Privacy, on the other hand, is social and thus political. It's the information about ourselves we wish to (and are legally allowed to) keep proprietary or made available to a limited number of designated and approved "others," be they individuals, groups or corporations.

For example, essentially everyone in the United States has a Social Security number. This number is supposed to be used only for Social Security and tax purposes, not for identification--it says so right on the card. However, Social Security numbers are used for identification--and identify--along with such items as one’s date of birth. We make these elements available to suppliers of services so often that it invites compromise; in fact, compromise is inevitable. And, of course, once any piece of identifying information is compromised, it remains so forever. The bad guys really don’t have to work very hard because the social ethic surrounding privacy, along with the laws that should be in place to protect us here, simply do not exist.

With that said, there is hope for progress in this area. The European Union's GDPR regulations, for example, are law only in the EU, but they are having a global impact on privacy. Key requirements include careful protection of consumer data and the ability for consumers to control any gathered information. Penalties for non-compliance are potentially severe, but we’ll see how that element plays out. The problem with GDPR is that it’s amazingly complex, and still requires both legal testing and clarification in more than a few places. Plus, it doesn't benefit organizations that don't do business outside the United States.

So, here’s the modest proposal: All proprietary identifying information about a particular individual shall remain confidential and proprietary to that individual unless and until that individual explicitly and knowingly discloses such information to another party, with such disclosure only made under the terms of an appropriate agreement. “Appropriate” is of vital importance, as the privacy statements used by essentially all online service providers today are so complex as to be useless for this purpose in many if not most cases. Regardless, they do little to curb the surrendering of far too much information, which serves only to enrich the “supplier” at the expense of the consumer, as we saw with the recent Facebook debacle.

For the record, we have recommended that individuals never post anything about themselves on Facebook, and we leave it to the reader to review Facebook’s agreements and policies to understand our position here. But, again, given that recent debacle, it shouldn’t be hard to understand why we take this position--one thatcould easily be applied to almost every other consumer-based online service today. Bottom line: You are their product, and the more they know about you, the more valuable you are--to them.
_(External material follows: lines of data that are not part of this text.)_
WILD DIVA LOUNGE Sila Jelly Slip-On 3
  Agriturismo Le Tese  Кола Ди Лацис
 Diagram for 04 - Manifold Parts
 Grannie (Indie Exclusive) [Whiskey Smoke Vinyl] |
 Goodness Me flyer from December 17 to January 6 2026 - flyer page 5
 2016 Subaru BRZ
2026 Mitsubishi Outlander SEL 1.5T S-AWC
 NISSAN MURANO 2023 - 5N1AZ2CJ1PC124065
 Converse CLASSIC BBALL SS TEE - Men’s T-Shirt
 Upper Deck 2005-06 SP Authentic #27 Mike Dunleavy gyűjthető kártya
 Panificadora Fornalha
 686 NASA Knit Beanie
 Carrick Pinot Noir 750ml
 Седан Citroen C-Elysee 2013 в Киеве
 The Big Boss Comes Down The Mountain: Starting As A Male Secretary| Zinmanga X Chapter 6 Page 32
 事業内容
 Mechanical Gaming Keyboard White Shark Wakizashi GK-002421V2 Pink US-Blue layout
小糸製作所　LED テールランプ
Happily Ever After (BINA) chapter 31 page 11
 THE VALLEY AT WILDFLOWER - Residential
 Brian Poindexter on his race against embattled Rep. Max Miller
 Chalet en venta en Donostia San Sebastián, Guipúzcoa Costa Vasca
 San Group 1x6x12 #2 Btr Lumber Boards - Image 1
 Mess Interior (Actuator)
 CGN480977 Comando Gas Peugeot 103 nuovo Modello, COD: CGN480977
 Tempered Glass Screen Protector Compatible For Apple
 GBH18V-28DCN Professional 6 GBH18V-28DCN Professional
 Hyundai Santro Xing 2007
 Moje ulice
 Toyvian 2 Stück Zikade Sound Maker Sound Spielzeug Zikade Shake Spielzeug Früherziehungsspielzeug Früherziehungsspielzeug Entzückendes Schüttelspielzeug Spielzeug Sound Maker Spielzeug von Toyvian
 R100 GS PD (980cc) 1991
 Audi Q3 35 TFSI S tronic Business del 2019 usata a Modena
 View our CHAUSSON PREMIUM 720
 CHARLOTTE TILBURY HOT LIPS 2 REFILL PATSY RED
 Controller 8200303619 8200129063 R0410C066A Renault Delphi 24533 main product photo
And with no meaningful regulations (again, absent a GDPR-like law) in place, you are pretty much out of luck here with respect to your personal privacy--which, in fact, disappears and with your help, no less!

In effect, I’m arguing for opt-in only in any relationships between individuals and other individuals or groups when it comes to personally identifiable information. Simple as that.

You might think that most information isn’t all that interesting, but if, just for example, you’re a purveyor of Mac spyware or ransomware or worse, it might be interesting to know who’s using the Safari browser, which only runs on Apple products. That information can be obtained from a Website you think you can trust, but that's selling such data without so informing you. More than a few seemingly minor tidbits are indeed sensitive, and, to the degree that these elements identify a particular individual, the potential for damage to an innocent person is enormous. Just think: Your location right now could be in the hands of people you wouldn’t trust with a dime.

Many mistakenly assume that there is a Constitutional right to privacy stemming from the Fourth Amendment. However, the Constitution covers only the relationship between individuals and the government--not those between individuals or groups such as corporations. As such, new laws are required--ideally at the federal level, but let’s get started regardless.

At the root of all of this mess is, I believe, a fundamental failure at the societal level to address not security or privacy, but identity and authentication--or, the act of proving that you are whom you claim to be. Maybe, when you’re born, you should get a private key that’s yours for life. But such is a topic for another day; if I’ve just raised a tiny bit of awareness today, I’m happy--but just for now.